And, oh yes, Grange Fair is Aug. 21-28. Grandstand entertainment announced in the past week will include the country duo Swon Brothers, legendary twister Chubby Checker, and 1970s southern-rockers The Outlaws.
“Every event is sort of like an open house,” Young said. “You throw open the doors and say, ‘Y’all come.’ ”
And the steady activity at Grange Fairgrounds is no accident.
Young said that in the late ’60s and early ’70s, “when RVs first were catching on,” fairgrounds leaders started to think about broader uses for the site.
“Concessionaires started to bring Winnebagos and converted vehicles to the fair because they were riding the circuit,” she said. “And that’s when (the committee) said, ‘This is a way to generate revenue.’ ”

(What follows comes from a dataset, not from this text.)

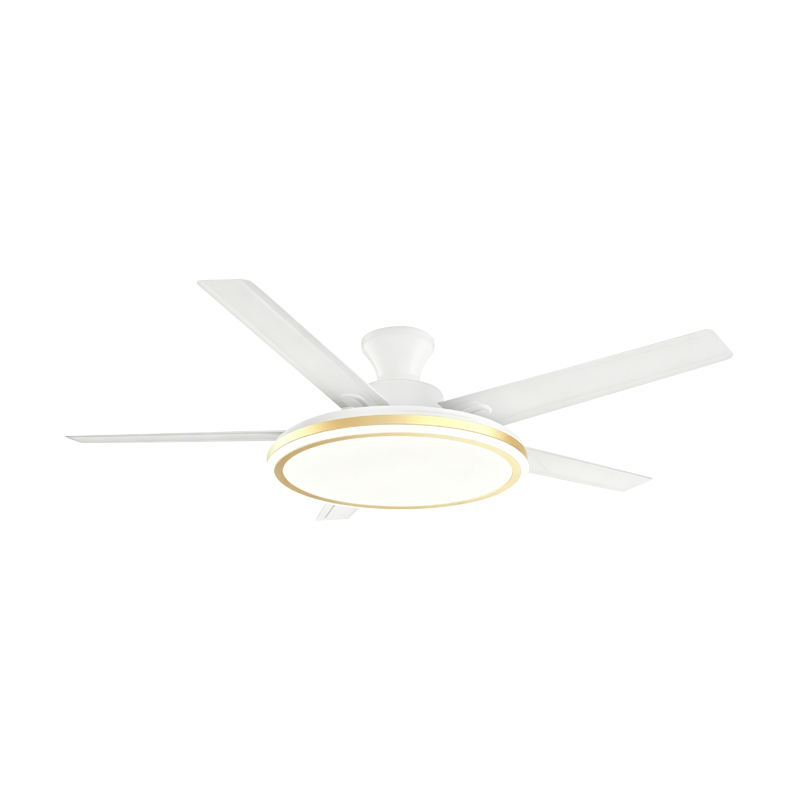 Conventional Fan Lamp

Over the years, camping amenities were added and then enhanced — both for fairgoers and other visitors. The restroom facilities were added and later upgraded.
And the fairgrounds has grown considerably since Leonard Rhone’s day. What started as 20 acres for the inaugur-al picnic is now a 264-acre sprawling complex with more than 100 individual buildings.
That growth meant greater costs — taxes, maintenance, utilities — which in turn led to a drive for more events.
“We really did this out of necessity,” Confer said. “The cost of keeping a piece of property this size is enormous.”
The 1984 purchase of the former Ilgen farm added 140 acres and a big loan to pay for them.
“Then the marketing had to really go, because we had a mortgage and that had to be paid for,” Young said.
“We have a sewer bill that’s $5,000 a month,” she said. “And if the only thing out there peeing is a squirrel, we still have that payment.”
For Young, a 40-year member of the Progress Grange, the stream of activity means revenue coming to the region and numerous opportunities to showcase Centre Hall, Penns Valley and the entire county.
“We all have agriculture in our hearts, and to see fallow ground is something that goes against the grain,” Young said. “To have that fairgrounds full of folks as much as we can, that makes your heart proud. You’re so fulfilled. And it’s what we’re supposed to do.”